Qual é o significado das pirâmides para o povo egípcio?
O egípcio sente orgulho das pirâmides.
O senhor visitou as pirâmides?
A minha residência fica ao lado das pirâmides! Até não construírem alguns edifícios, era possível do meu prédio ver as pirâmides.
O que o senhor pode comentar sobre o Deserto do Sahara?
Representa 95% do território egípcio. O Vale do Nilo representa 5%.
O senhor como cientista, pesquisador, algum dia teve algum pensamento científico para aproveitar essa grande área?
Existe sempre o pensamento. De aumentar a área cultivada, resolver o problema da explosão demográfica de 70 milhões de habitantes.
Existe algum controle de natalidade?
Existe. Mas aspectos culturais interferem. O governo quer uma coisa, mas hábitos culturais querem outra coisa.
Existe violência?
Havia violência política, agora já acalmou. Não existe criminalidade. O controle policial é muito grande. Existe a pena de morte através de enforcamento.

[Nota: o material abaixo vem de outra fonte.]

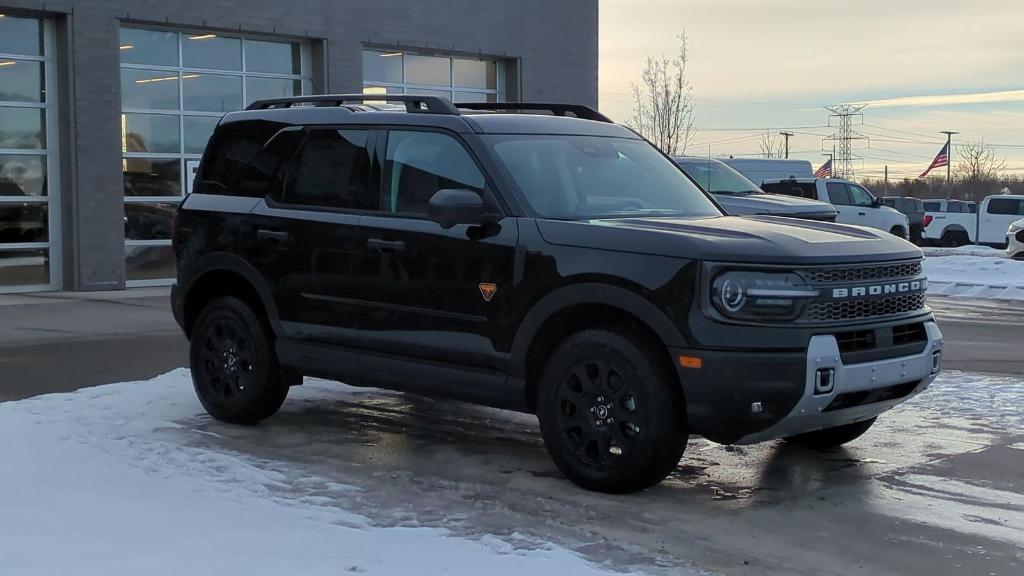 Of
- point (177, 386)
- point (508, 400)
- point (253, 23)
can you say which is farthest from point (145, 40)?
point (508, 400)

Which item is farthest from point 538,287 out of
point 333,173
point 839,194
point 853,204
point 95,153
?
point 853,204

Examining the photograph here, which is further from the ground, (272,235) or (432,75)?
(432,75)

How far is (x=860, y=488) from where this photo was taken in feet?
20.2

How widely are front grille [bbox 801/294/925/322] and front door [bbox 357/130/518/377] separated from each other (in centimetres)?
156

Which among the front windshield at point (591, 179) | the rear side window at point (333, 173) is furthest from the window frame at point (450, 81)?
the front windshield at point (591, 179)

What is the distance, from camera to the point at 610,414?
5805 millimetres

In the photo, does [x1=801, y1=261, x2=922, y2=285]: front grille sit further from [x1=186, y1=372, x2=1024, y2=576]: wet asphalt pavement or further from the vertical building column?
the vertical building column

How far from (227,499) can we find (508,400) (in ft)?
4.91

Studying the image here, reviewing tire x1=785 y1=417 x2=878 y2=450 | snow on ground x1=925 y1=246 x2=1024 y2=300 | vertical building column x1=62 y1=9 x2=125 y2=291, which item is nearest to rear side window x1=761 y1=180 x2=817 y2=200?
snow on ground x1=925 y1=246 x2=1024 y2=300

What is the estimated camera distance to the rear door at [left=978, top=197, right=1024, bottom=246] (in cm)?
3516

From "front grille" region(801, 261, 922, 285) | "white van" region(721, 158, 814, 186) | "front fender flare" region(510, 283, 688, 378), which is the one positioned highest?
"white van" region(721, 158, 814, 186)

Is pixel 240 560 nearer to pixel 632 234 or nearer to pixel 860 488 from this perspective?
pixel 632 234

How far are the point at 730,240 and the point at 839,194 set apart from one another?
23.2 metres

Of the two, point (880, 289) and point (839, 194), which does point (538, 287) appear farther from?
point (839, 194) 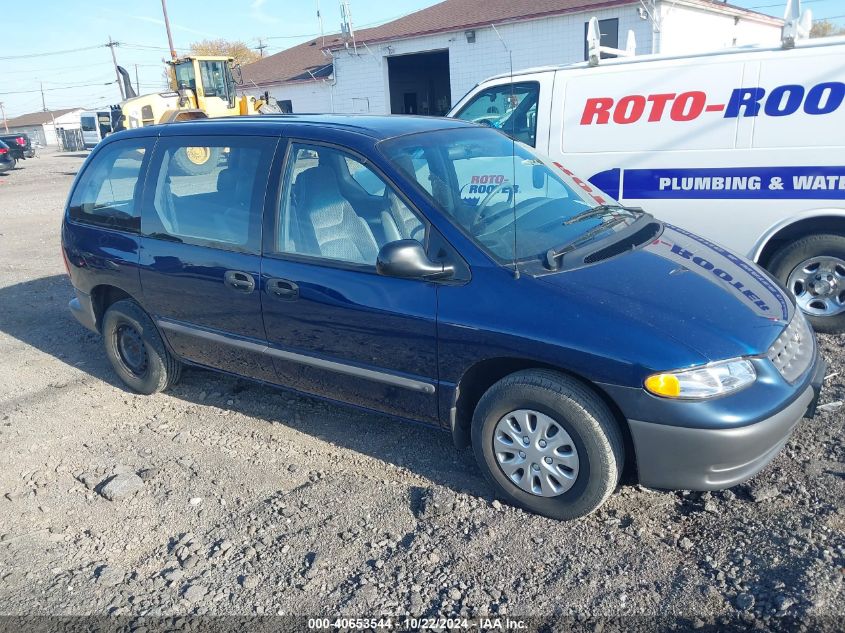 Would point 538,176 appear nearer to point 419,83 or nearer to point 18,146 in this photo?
point 419,83

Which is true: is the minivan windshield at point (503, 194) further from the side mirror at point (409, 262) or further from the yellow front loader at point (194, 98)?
the yellow front loader at point (194, 98)

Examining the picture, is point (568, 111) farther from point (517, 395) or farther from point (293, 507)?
point (293, 507)

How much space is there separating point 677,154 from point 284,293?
355 centimetres

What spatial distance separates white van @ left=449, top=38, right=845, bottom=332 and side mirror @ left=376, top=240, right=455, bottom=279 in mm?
3202

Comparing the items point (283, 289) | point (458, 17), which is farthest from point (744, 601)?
point (458, 17)

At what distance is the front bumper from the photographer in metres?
2.78

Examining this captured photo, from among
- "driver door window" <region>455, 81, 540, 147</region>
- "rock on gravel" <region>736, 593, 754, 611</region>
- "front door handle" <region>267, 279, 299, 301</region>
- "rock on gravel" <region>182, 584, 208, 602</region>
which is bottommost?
"rock on gravel" <region>182, 584, 208, 602</region>

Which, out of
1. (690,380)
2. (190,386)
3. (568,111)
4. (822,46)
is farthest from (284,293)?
(822,46)

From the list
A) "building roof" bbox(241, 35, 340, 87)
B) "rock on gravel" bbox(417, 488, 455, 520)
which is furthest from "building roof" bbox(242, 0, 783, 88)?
"rock on gravel" bbox(417, 488, 455, 520)

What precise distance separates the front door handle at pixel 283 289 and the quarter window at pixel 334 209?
176mm

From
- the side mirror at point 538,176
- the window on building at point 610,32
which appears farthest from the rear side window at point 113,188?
the window on building at point 610,32

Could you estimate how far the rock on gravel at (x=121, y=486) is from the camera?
363cm

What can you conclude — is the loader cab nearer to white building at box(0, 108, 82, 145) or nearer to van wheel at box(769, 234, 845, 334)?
van wheel at box(769, 234, 845, 334)

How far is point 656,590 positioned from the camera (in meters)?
2.72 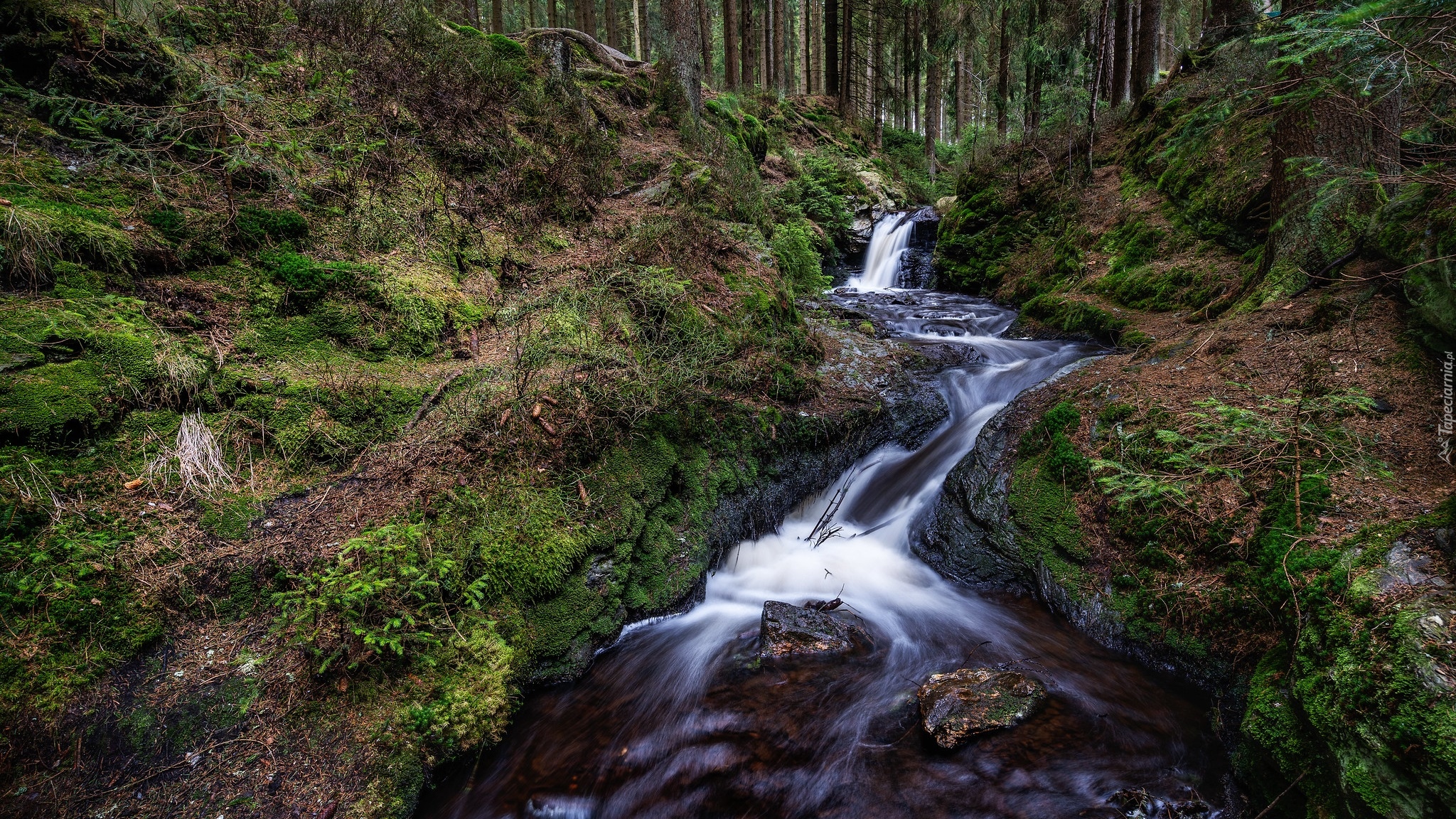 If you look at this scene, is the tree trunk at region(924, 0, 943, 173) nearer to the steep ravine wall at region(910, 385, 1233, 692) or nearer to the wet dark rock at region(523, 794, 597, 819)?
the steep ravine wall at region(910, 385, 1233, 692)

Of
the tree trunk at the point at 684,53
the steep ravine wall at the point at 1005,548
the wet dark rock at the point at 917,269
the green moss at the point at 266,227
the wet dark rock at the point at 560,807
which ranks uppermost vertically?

Ela é usada em crimes hediondos.
O que motivou o senhor a dedicar-se tanto na pesquisa sobre mandioca?
Faz parte da minha profissão, como professor de cultura da África, lecionar a cultura de mandioca.A terra, para a mandioca ser cultivada, tem que ser uma terra rica?Pode ser um solo muito pobre, é uma planta de solos marginais. Está plantada em locais onde outras culturas não prosperam. Ela exige água, mas agüenta a seca. O tempo de cultura da mandioca é de um ano. Existem formas de conservar a mandioca na forma de farinha, ou então fazer chips (rodelas). A raiz da mandioca estraga rapidamente. Fermentada ela produz bebidas com teor alcoólico de 20% aproximadamente.
O senhor ministrou um curso a respeito da cultura da mandioca na Flórida?
Permaneci na Florida por um semestre, onde participei ativamente em um projeto deles. A única mandioca que existe lá fui eu que introduzi.
O senhor acredita que nessa corrida para fabricar o álcool a mandioca pode participar?
Sim, teoricamente pode. Eu sou contrário a utilização da mandioca como fonte para obtenção de álcool. Baseio-me no princípio de que há muita gente passando fome. Como vamos privilegiar a produção de álcool e deixar as pessoas com fome.
Existe um só tipo de mandioca?
Existe uma variedade muito grande. Inclusive tipos que se não forem devidamente processadas podem matar.
Existe semente de mandioca?
Eu criei uma linhagem para que a mandioca cresça a partir da semente.
Como o senhor vê a posição das universidades brasileiras com relação a universidades de outros países?
Há um progresso muito grande. Nos últimos cinco anos o progresso foi muito acentuado. Há um investimento muito grande, tanto de verbas vindas do exterior como verbas do próprio país. Acho que existe um futuro muito bom para as universidades brasileiras.
Como o senhor conseguiu dobrar a quantidade de proteína na mandioca?
Realizei pesquisas, fiz avaliação de espécies silvestres que tem uma quantidade de proteínas muito maior do que a mandioca comum. Uma das espécies tem quatro vezes mais proteínas do que a mandioca normal, é 8% de proteínas. Consegui um produto híbrido com 4,5% de proteínas.
Há uma lei que deve ser acrescentada farinha de mandioca à do trigo?
Existe uma lei tramitando no congresso para adicionar 20% de farinha de mandioca à farinha de trigo para fabricar o pão.
Como o senhor se sente em ser responsável pela plantação de quatro milhões de hectares de mandioca na África?
Eu contribuí para a plantação desses quatro milhões de hectares. Sinto-me muito orgulhoso. Realizei-me muito, cumpri uma parte importante da minha missão científica.